563 あの夜に戻れたら トリッシュ・モーリ

あの夜に戻れたら (ハーレクイン・ロマンス)

あの夜に戻れたら (ハーレクイン・ロマンス)

兄の親友であるヤニスに恋するマリエッタは、彼の誕生日に自分を与えることを決め、ヤニスの寝室に忍び込む。
ヤニスは事業を救うために、有力者の娘と結婚するよう父に言い渡されて荒れていた。しこたま酔い、夢うつつで傍らの女性の愛撫に応えたヤニスは、彼女の中に入ろうとした時になって、それがマリエッタであることに気付く。他の女性と結婚することが決まっている男が、彼女の純潔を奪っていいはずがない。意思の力を総動員して、ヤニスはマリエッタを拒絶して部屋から追い出した。
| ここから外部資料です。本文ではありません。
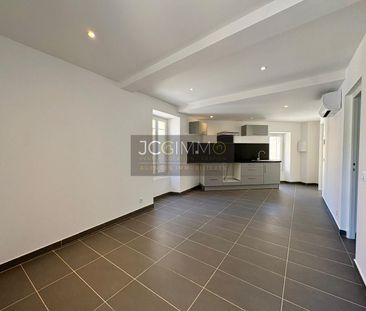 Location Appartement 2 pièces 37m² CUERS 83390 - Photo 2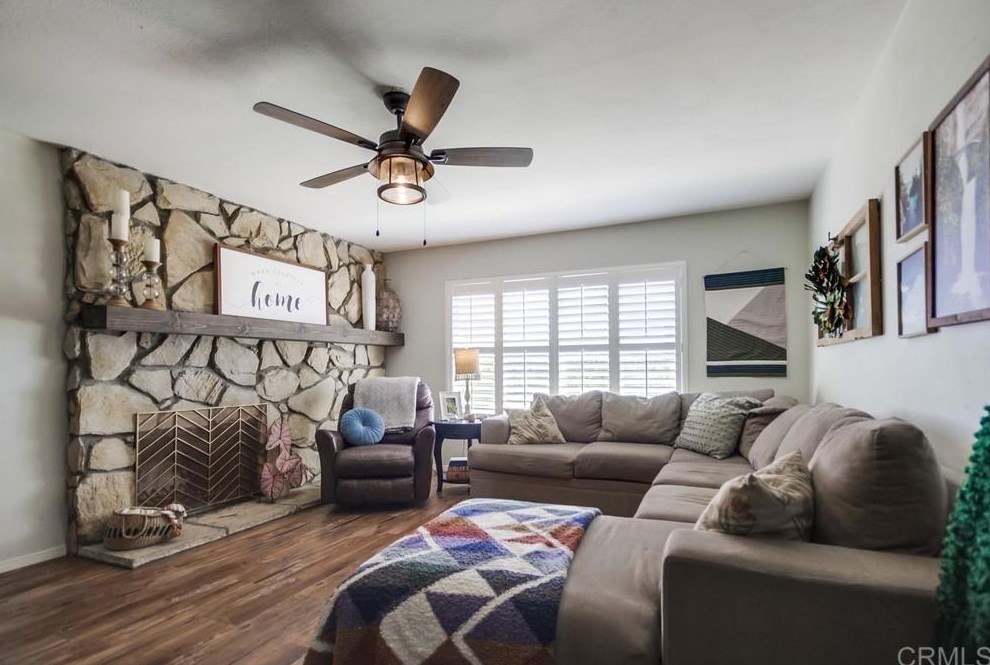 10114 Woodglen Vista Dr, Santee, CA 92071-1147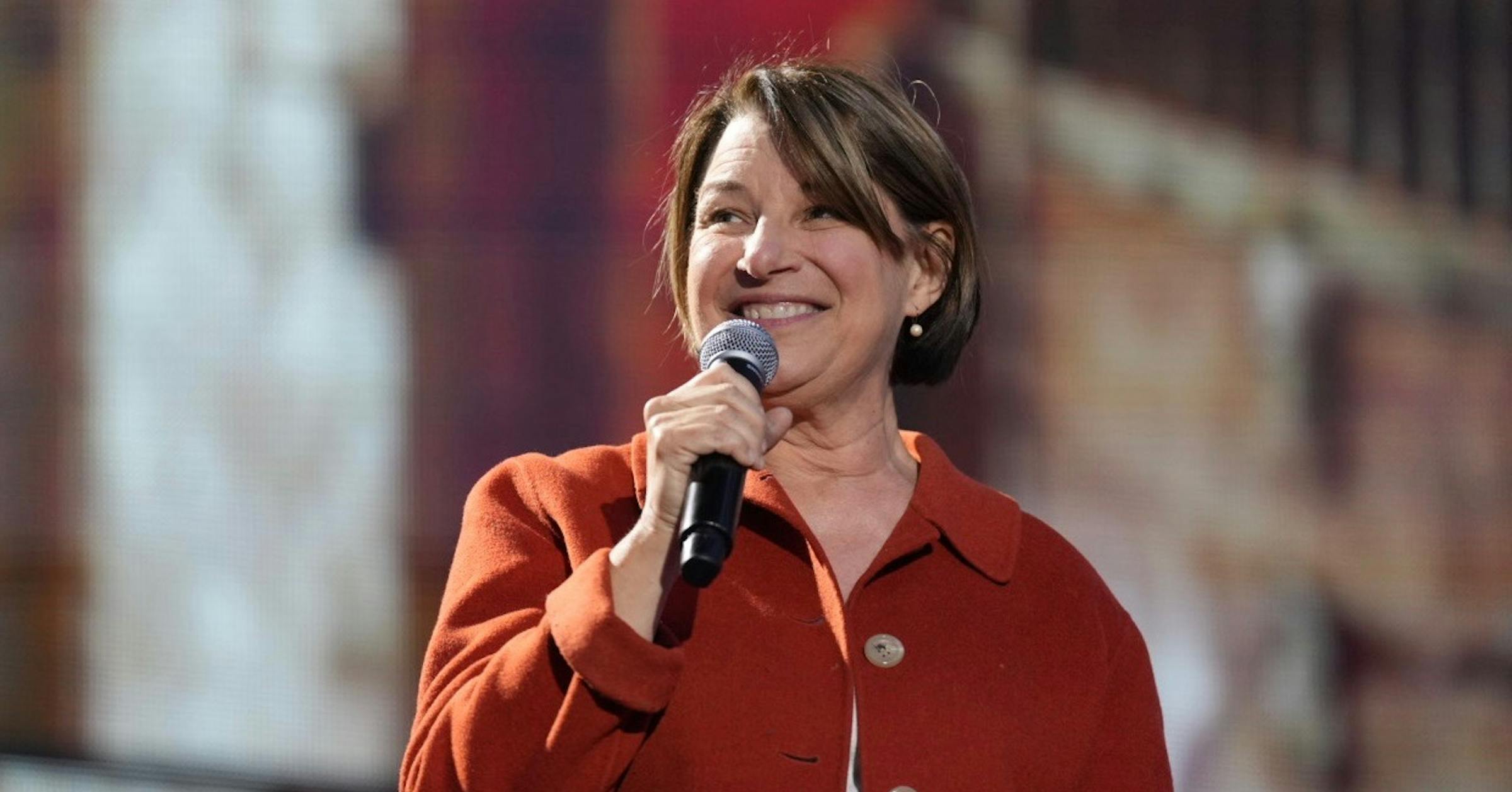 Senatorin Amy Klobuchar erwägt eine Kandidatur für das Gouverneursamt.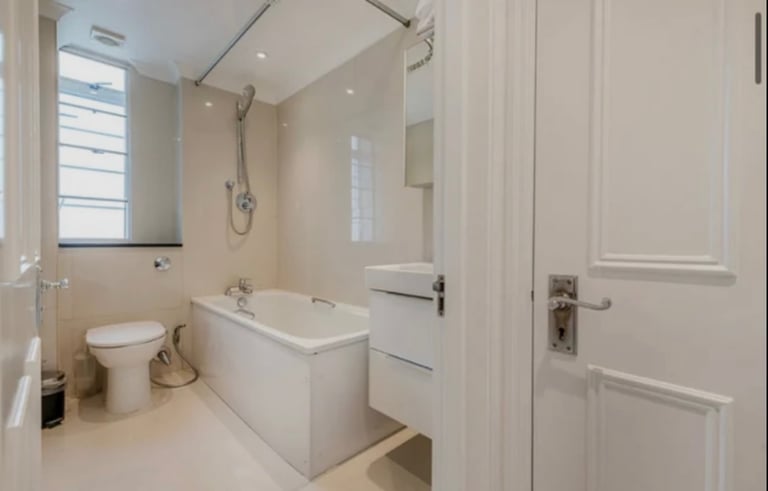 Bayswater Three Bedroom Apartment Short Term Let £4578 per week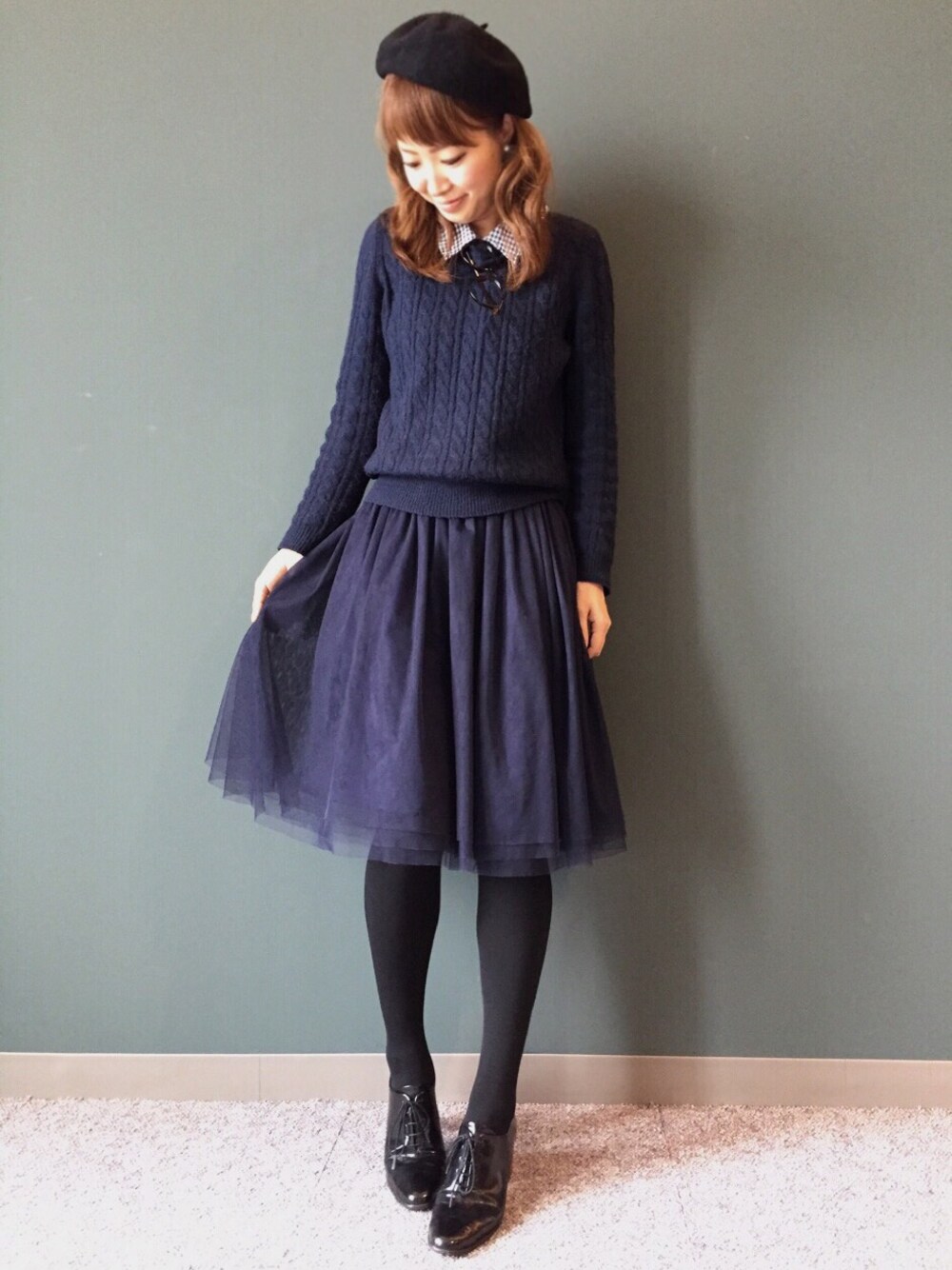 「ベレー帽×メガネ、チュールスカート、ニット×シャツ、パールアクセ、パールピアス、オックスフォード、RANDA、シャツ×ニット、レースアップシューズ、ワントーンコーデ」｜「RANDAの【2015S/S新作★送料無料】オックスフォードシューズ/ES4207/S（その他、ブラック系）」を使った、kumemiさん（レディース・154cm）の冬コーディネートの1枚目の写真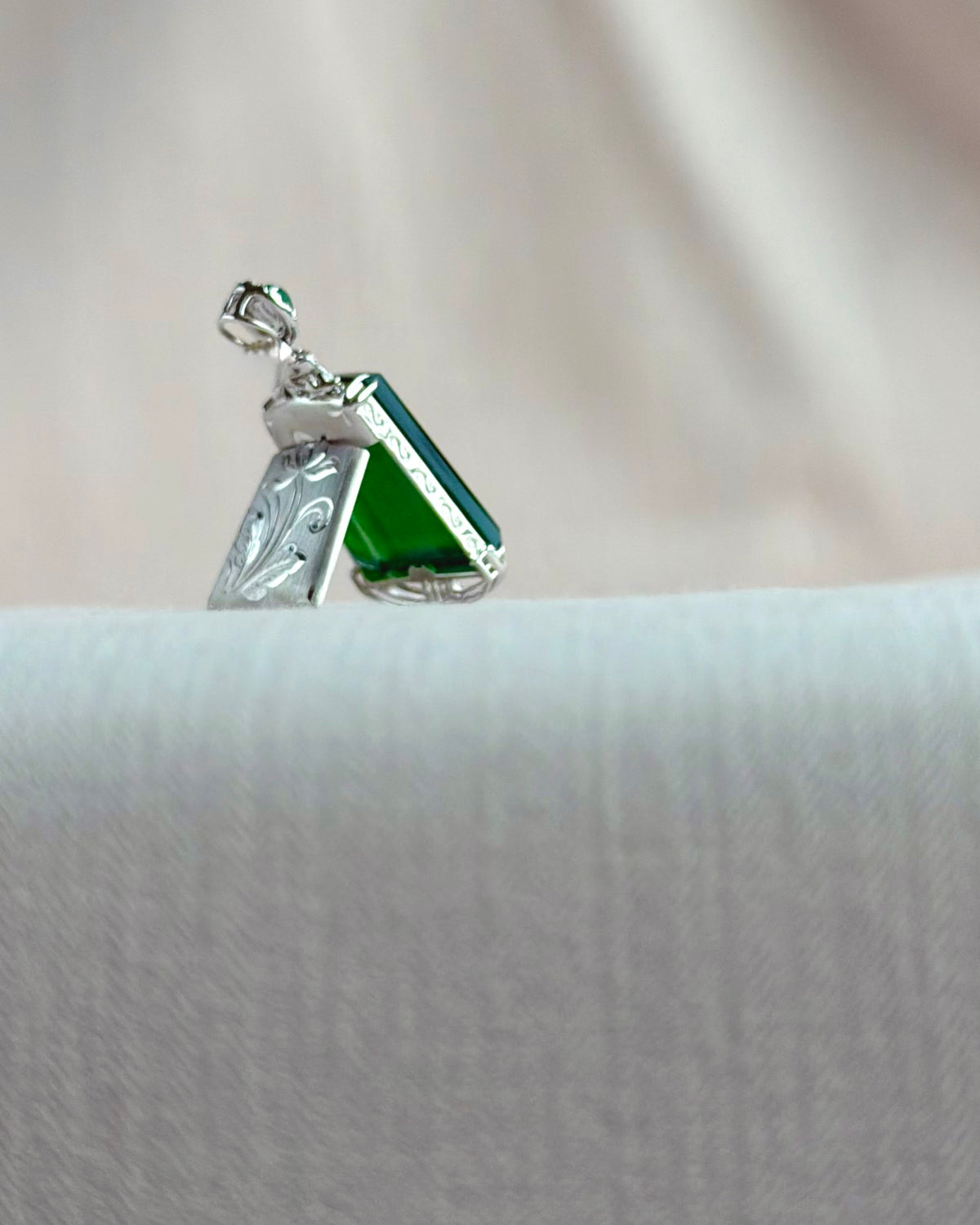 Empress's Emerald Jade Pendant 凤仪华彩 (Preview)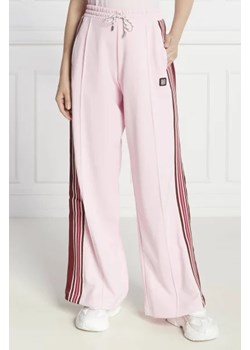 HUGO Spodnie dresowe Neraya | Loose fit ze sklepu Gomez Fashion Store w kategorii Spodnie damskie - zdjęcie 172982703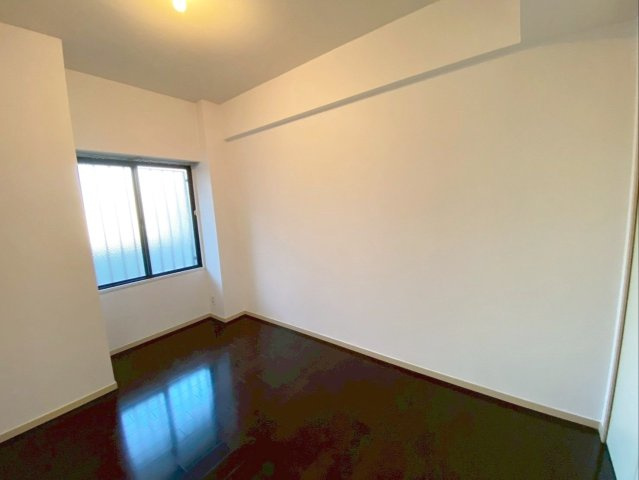 スワンマンション東箱崎の洋室|約5.2帖の洋室です！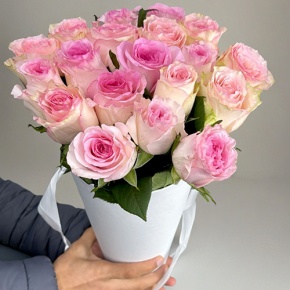 Букет из 21 розы Кения в конусе в Ступино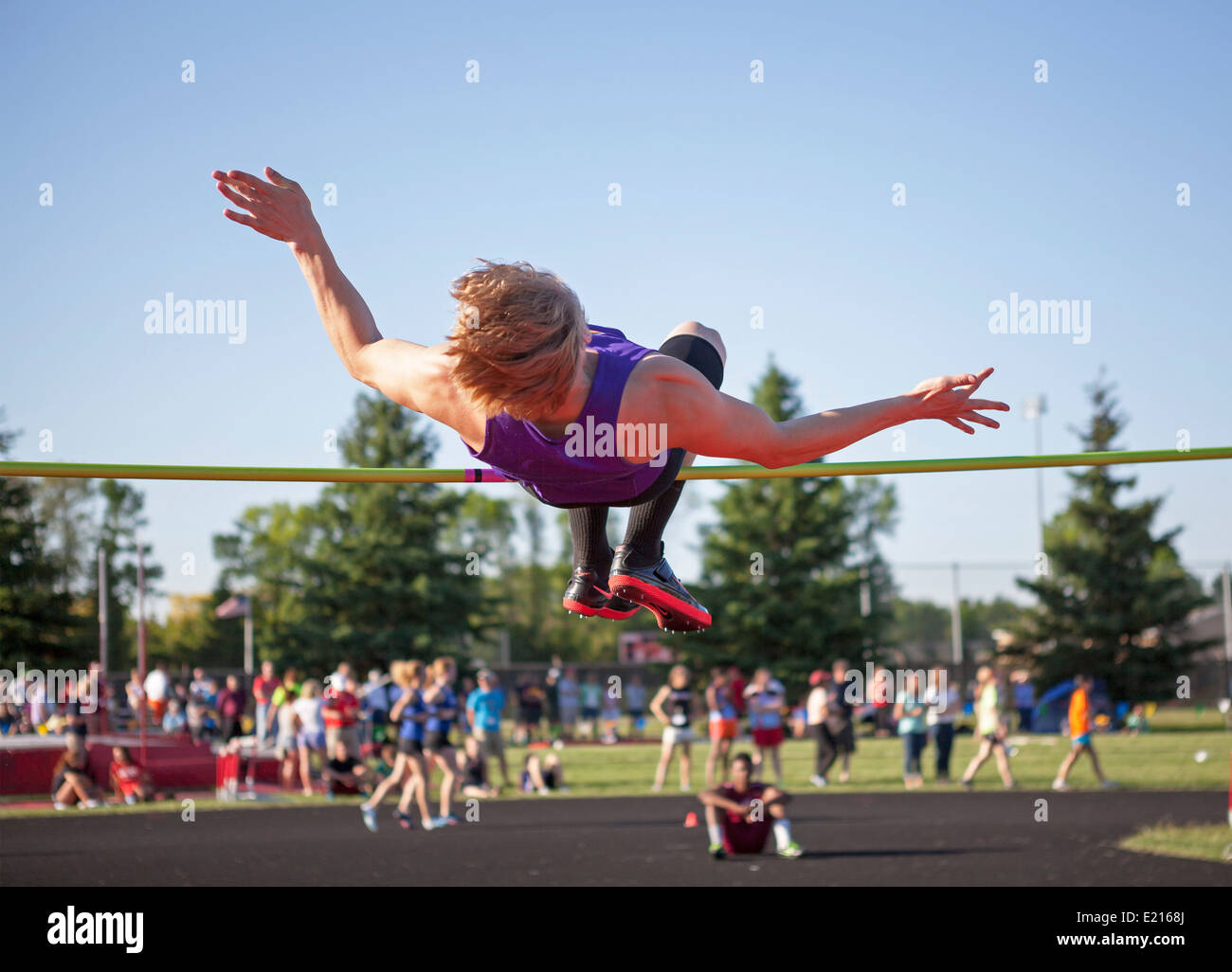 Alta scuola gli atleti competere in una pista e sul campo si incontrano a Milwaukee, Wisconsin, Stati Uniti d'America. Foto Stock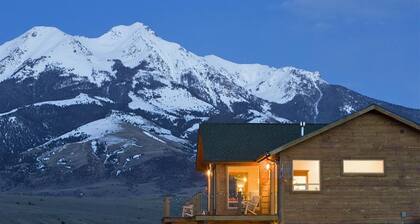 Carsey K Ranch -4 Bedroom Home with Unparalleled Views Of The Paradise Valley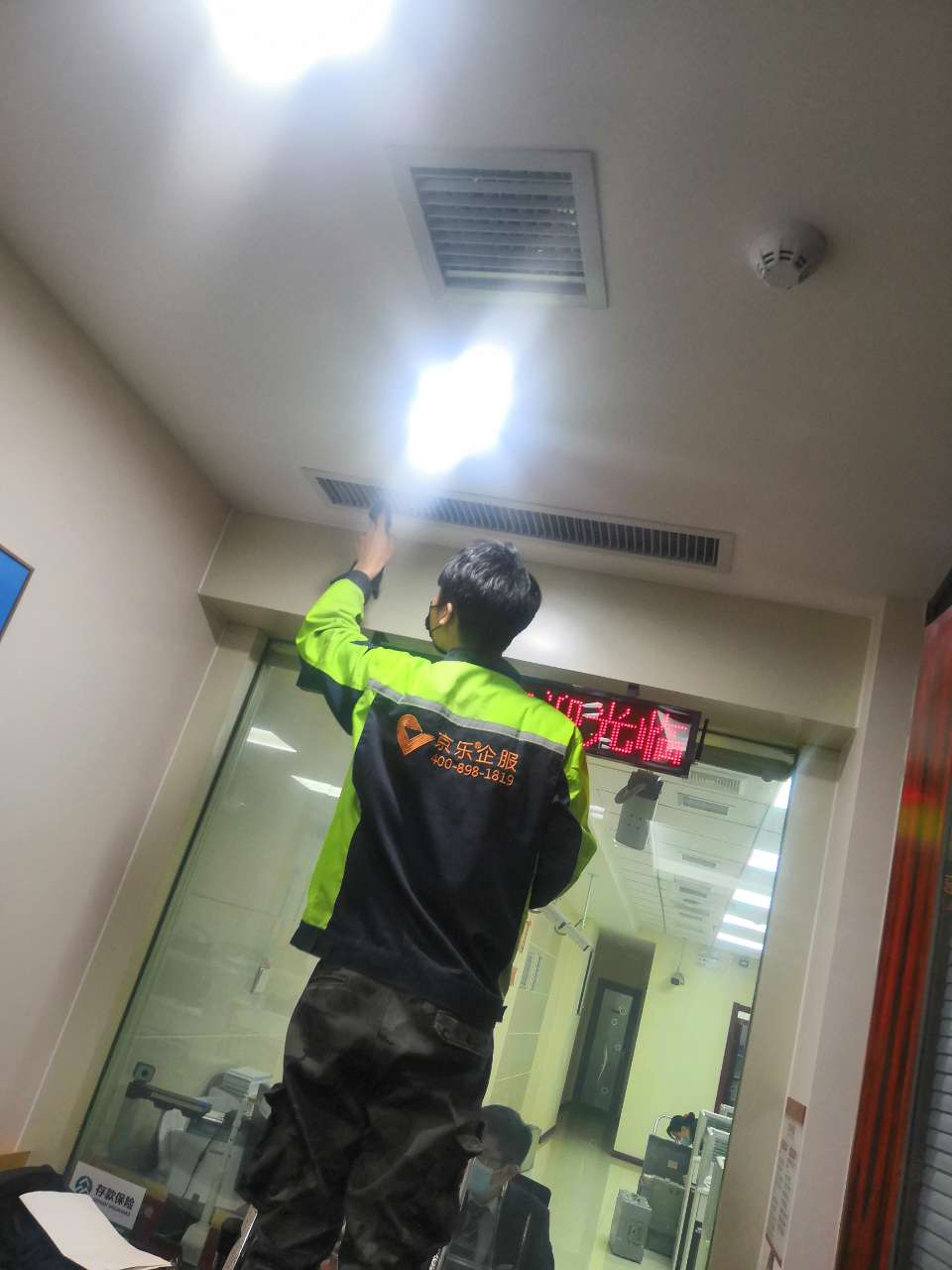 無錫盾安空調(diào)售后維修_無錫空調(diào)維修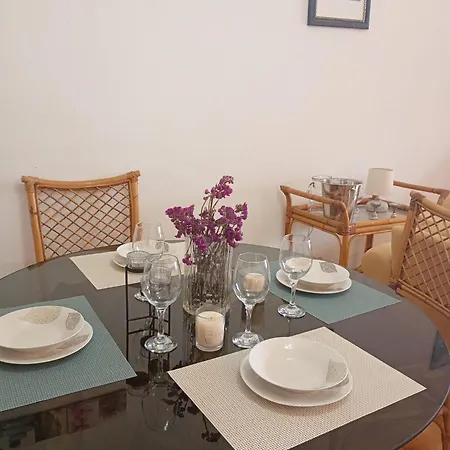 Ocean View-2 Bed-sleeps 4-pueblo Marinero Apartamento *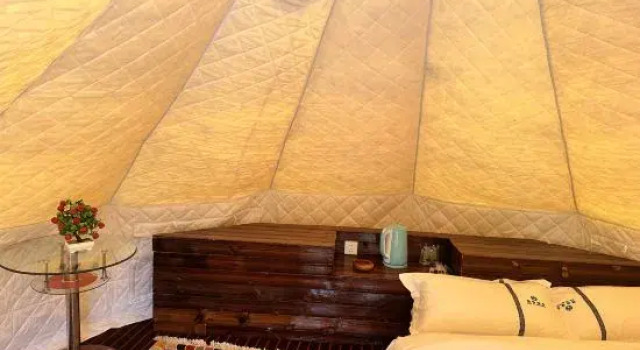 Тент Norbuzong Bed and Breakfast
しかし、翌朝父に呼び出されたヤニスは、不実を働いた疑いを責められ、潔白を証明するよう促される。ヤニスは否定することもできたが、あえて肯定し、縁談は破談となる。そして、破談になったことで、ヤニスの父は会社を失い、倒れた。それからヤニスは失った富を取り戻すために、寝る間も惜しんで働いたが、その原動力はマリエッタへの憎しみだった。
13年後、レイフの結婚式で二人は再会する。
愚かな16歳の頃の過ちを恥じて、マリエッタは緊張するが、ヤニスの憎悪に戸惑う。美しく成長したマリエッタを前に、ヤニスは自身の欲望に怒りを感じ、それならば13年前に貰うはずだったものを味わう権利はあると結論づける。自分を憎む相手に身を捧げるなんて愚か以外の何物でもない。だが、マリエッタはヤニスが欲しかった。切羽詰まった彼女はヤニスに13年前に自分を拒んだ理由を尋ね、彼が自分を経験者だと思っていることを知る。いまだに処女であることを知られたくない。彼の誘惑を拒んで、二度と遭わないことを誓ったマリエッタに、さらなる問題が持ち上がる。皇室に脅迫状が送りつけられ、危機感を覚えたレイフは妹の警護に、自分が一番信頼する人物、ヤニスにマリエッタの保護を頼んだのだ。常に行動を共にする間、ヤニスは自分が思いこもうとしていたマリエッタの姿が、実態とは違うことに気付く。彼女は甘やかされたお嬢様でも、傲慢でもない。それでも、怒りに囚われたヤニスは、自分の想いを聞こうとしなかった。
やがて、脅迫者が判明し、ヤニスがマリエッタの傍を離れた後で、ヤニスの父がまた倒れる。病室で父はヤニスに感謝と自身の過ちについての謝罪を口にする。死を前にした父の言葉に、ヤニスはやっと真実に気付く。自分は自分で判断したことから起こった災厄を全てマリエッタの罪にし、彼女にいわれなき非難を浴びせていたのだ。
父の葬儀が終わった数日後、ヤニスはマリエッタに会いに行き、許しを乞い、チャンスを願った。信じるに足る証はと尋ねるマリエッタに、ヤニスは愛を告白する。


紆余曲折の後で、初恋を成就させる話。愛も憎しみも、強い感情という点では同じというHQ的な説でございますわ。